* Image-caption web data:
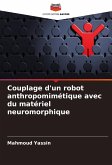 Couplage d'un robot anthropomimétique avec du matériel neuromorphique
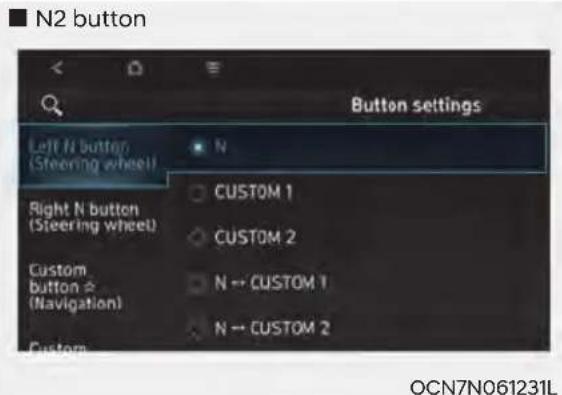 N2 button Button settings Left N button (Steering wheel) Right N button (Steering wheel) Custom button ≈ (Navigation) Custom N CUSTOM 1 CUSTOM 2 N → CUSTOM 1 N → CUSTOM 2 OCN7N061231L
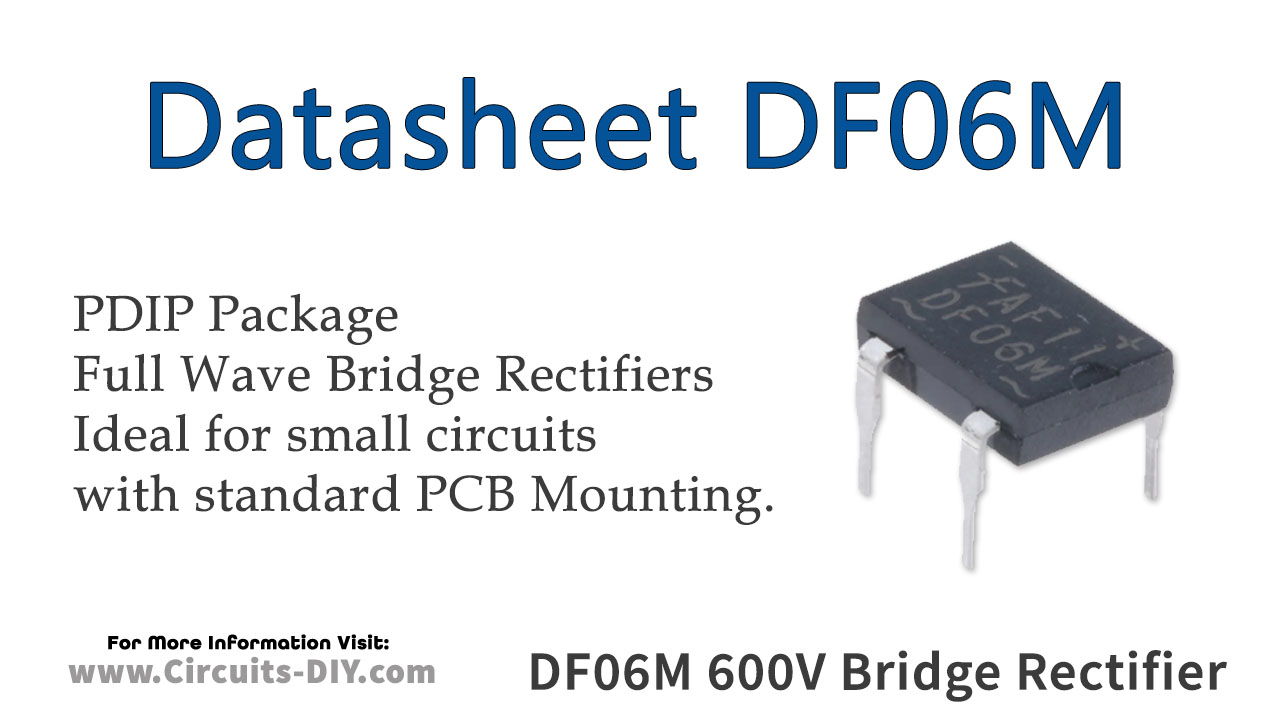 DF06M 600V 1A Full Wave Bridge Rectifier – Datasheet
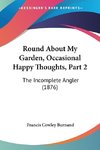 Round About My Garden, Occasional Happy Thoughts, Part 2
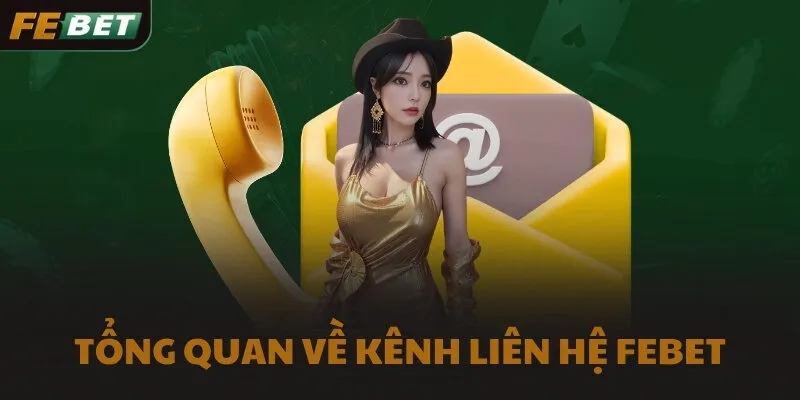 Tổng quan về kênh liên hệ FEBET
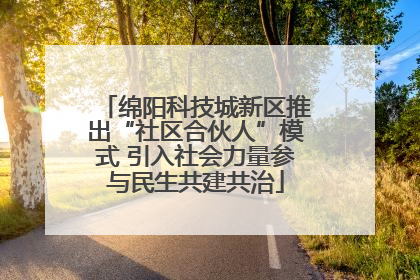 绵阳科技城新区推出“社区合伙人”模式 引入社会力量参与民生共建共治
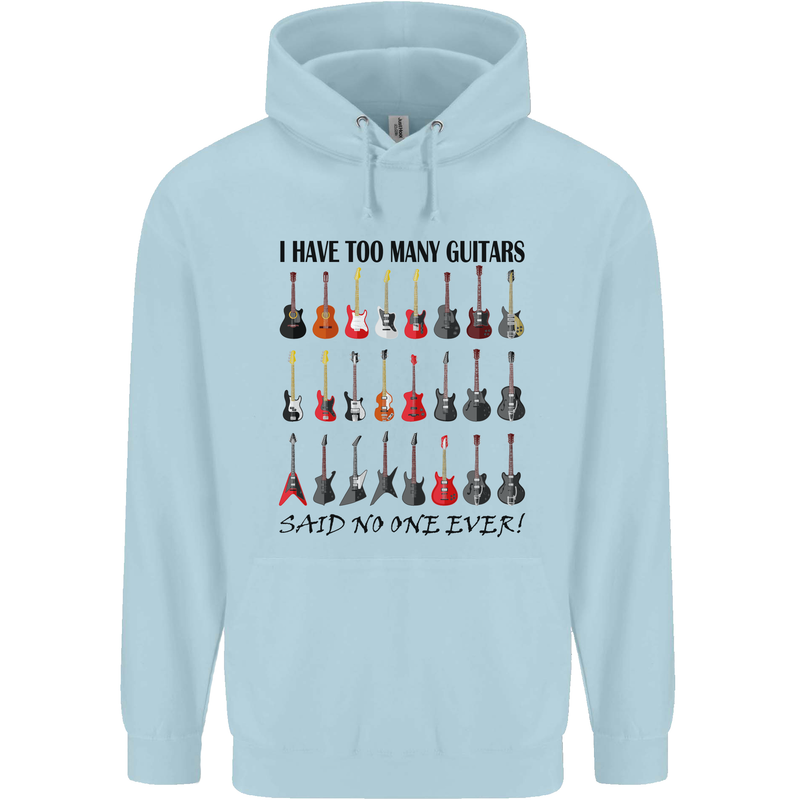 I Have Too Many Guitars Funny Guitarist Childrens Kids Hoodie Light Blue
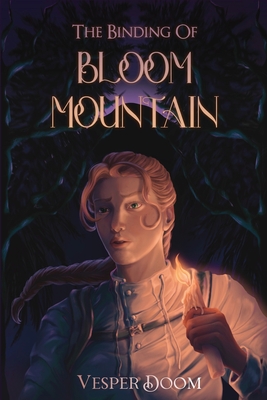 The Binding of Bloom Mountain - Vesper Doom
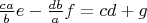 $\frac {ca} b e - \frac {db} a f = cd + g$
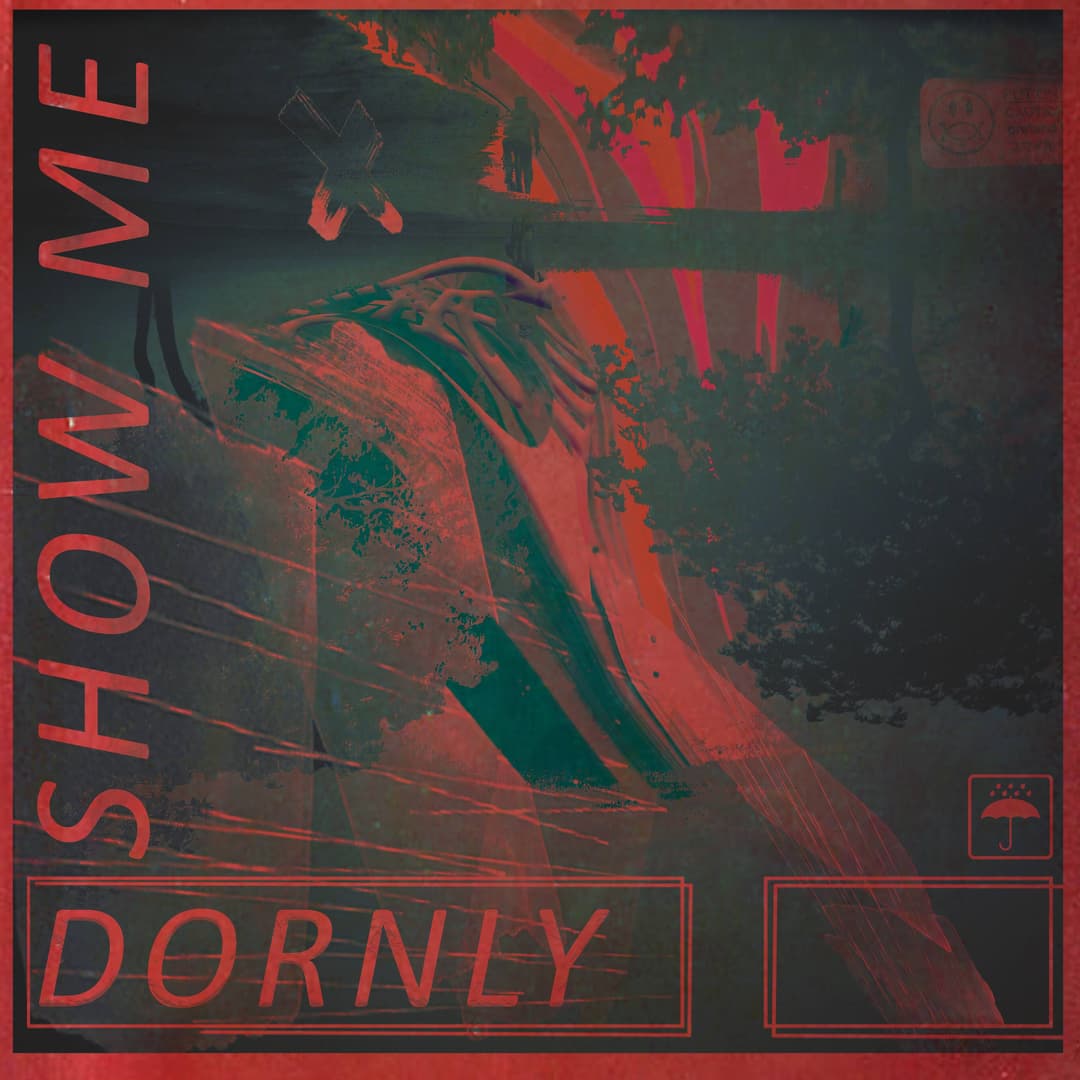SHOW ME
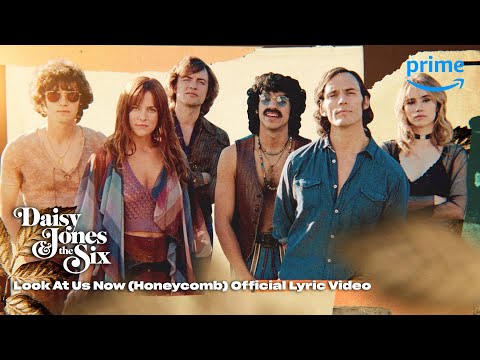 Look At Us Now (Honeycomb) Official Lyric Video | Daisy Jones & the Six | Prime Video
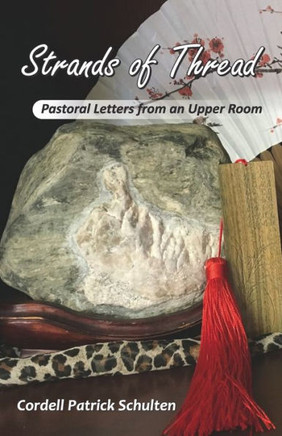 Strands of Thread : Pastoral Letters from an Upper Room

---

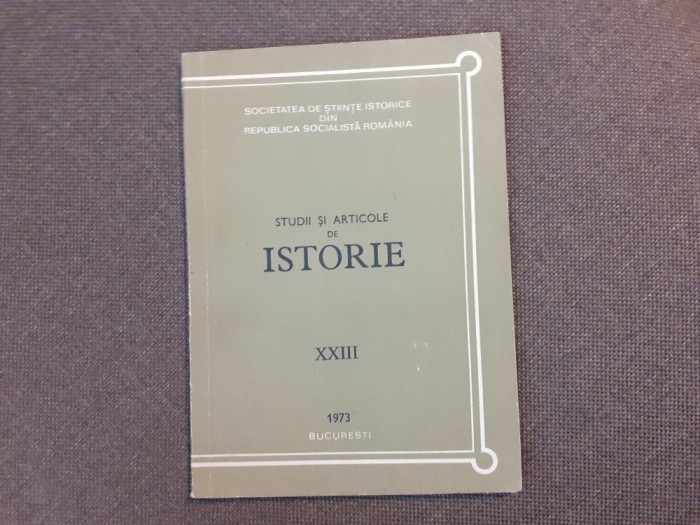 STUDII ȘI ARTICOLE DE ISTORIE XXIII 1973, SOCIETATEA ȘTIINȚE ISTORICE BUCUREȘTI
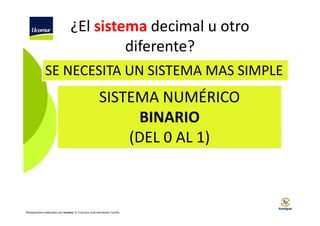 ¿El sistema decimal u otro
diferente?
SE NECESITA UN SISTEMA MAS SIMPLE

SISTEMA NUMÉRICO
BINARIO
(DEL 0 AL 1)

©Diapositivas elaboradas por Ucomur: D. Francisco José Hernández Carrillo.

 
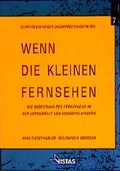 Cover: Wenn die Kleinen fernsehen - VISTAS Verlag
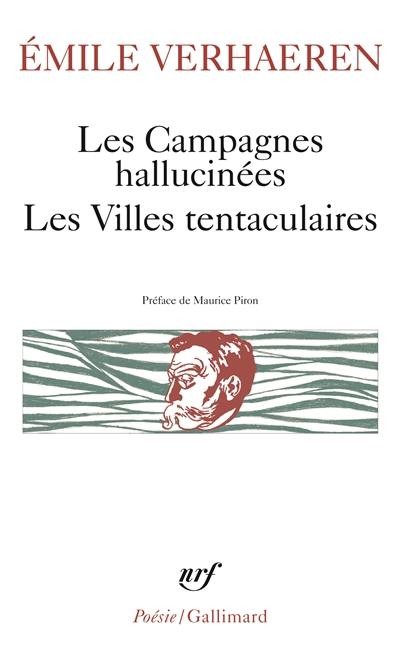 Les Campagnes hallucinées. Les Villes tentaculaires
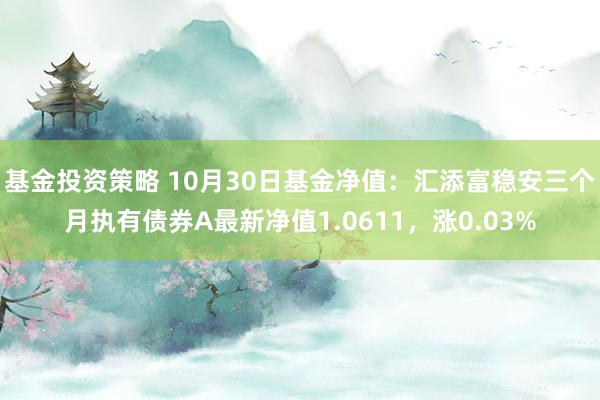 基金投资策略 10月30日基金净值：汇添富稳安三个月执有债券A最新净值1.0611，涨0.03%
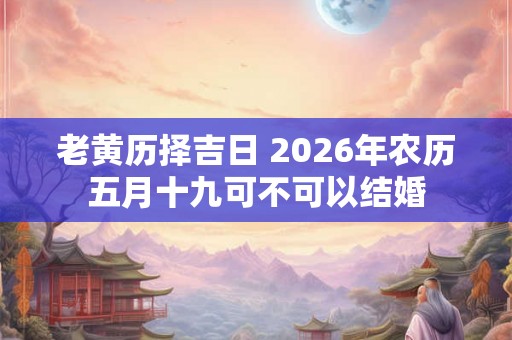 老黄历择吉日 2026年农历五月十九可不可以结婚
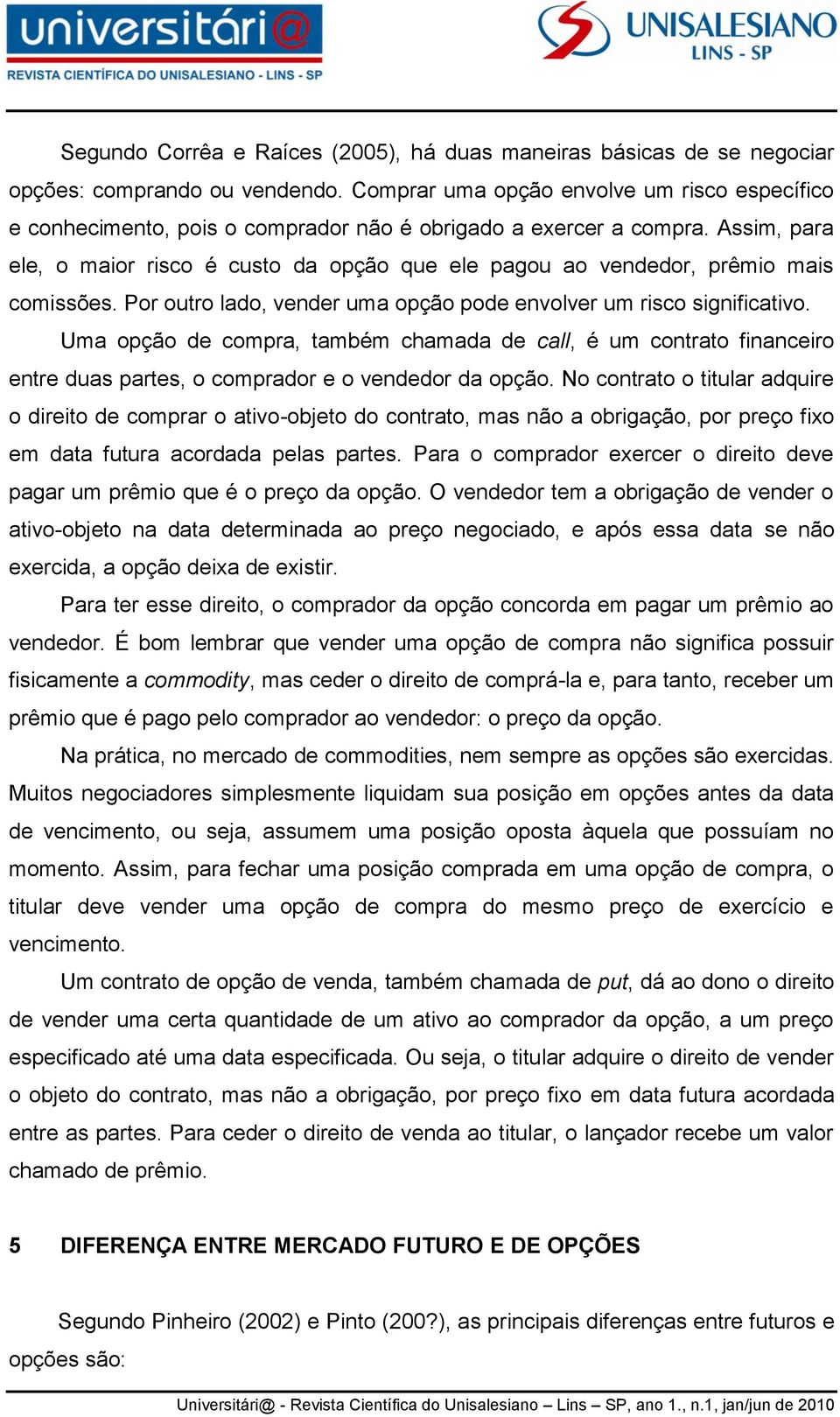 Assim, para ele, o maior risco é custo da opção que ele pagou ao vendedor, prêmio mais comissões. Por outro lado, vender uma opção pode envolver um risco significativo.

* Exercise instructions: Using the records above, print exactly the lines between the ones containing "Couplage d'un robot" and "The Binding of Bloom Mountain - Vesper Doom", inclusive, and nothing else; no pictures.

* Problem solution:
 Couplage d'un robot anthropomimétique avec du matériel neuromorphique
 N2 button Button settings Left N button (Steering wheel) Right N button (Steering wheel) Custom button ≈ (Navigation) Custom N CUSTOM 1 CUSTOM 2 N → CUSTOM 1 N → CUSTOM 2 OCN7N061231L
 DF06M 600V 1A Full Wave Bridge Rectifier – Datasheet
 Round About My Garden, Occasional Happy Thoughts, Part 2
 Tổng quan về kênh liên hệ FEBET
 绵阳科技城新区推出“社区合伙人”模式 引入社会力量参与民生共建共治
 I Have Too Many Guitars Funny Guitarist Childrens Kids Hoodie Light Blue
 The Binding of Bloom Mountain - Vesper Doom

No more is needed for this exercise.